## Activity
From the line containing "Owen Power Recliner Beige 3 Seater" through the final line of the records, reproduce every line exactly.

## Data to process
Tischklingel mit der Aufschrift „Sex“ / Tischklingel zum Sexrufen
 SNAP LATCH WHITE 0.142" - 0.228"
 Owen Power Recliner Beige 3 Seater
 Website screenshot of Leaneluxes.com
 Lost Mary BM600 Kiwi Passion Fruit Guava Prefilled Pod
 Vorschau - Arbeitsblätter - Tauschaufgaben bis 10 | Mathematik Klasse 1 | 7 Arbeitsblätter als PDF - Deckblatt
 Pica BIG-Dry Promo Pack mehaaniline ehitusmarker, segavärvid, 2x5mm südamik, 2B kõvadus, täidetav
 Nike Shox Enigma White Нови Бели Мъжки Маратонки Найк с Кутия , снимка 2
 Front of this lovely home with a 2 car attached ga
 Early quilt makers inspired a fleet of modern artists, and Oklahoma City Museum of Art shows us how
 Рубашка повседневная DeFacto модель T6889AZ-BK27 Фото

## Your response
 Owen Power Recliner Beige 3 Seater
 Website screenshot of Leaneluxes.com
 Lost Mary BM600 Kiwi Passion Fruit Guava Prefilled Pod
 Vorschau - Arbeitsblätter - Tauschaufgaben bis 10 | Mathematik Klasse 1 | 7 Arbeitsblätter als PDF - Deckblatt
 Pica BIG-Dry Promo Pack mehaaniline ehitusmarker, segavärvid, 2x5mm südamik, 2B kõvadus, täidetav
 Nike Shox Enigma White Нови Бели Мъжки Маратонки Найк с Кутия , снимка 2
 Front of this lovely home with a 2 car attached ga
 Early quilt makers inspired a fleet of modern artists, and Oklahoma City Museum of Art shows us how
 Рубашка повседневная DeFacto модель T6889AZ-BK27 Фото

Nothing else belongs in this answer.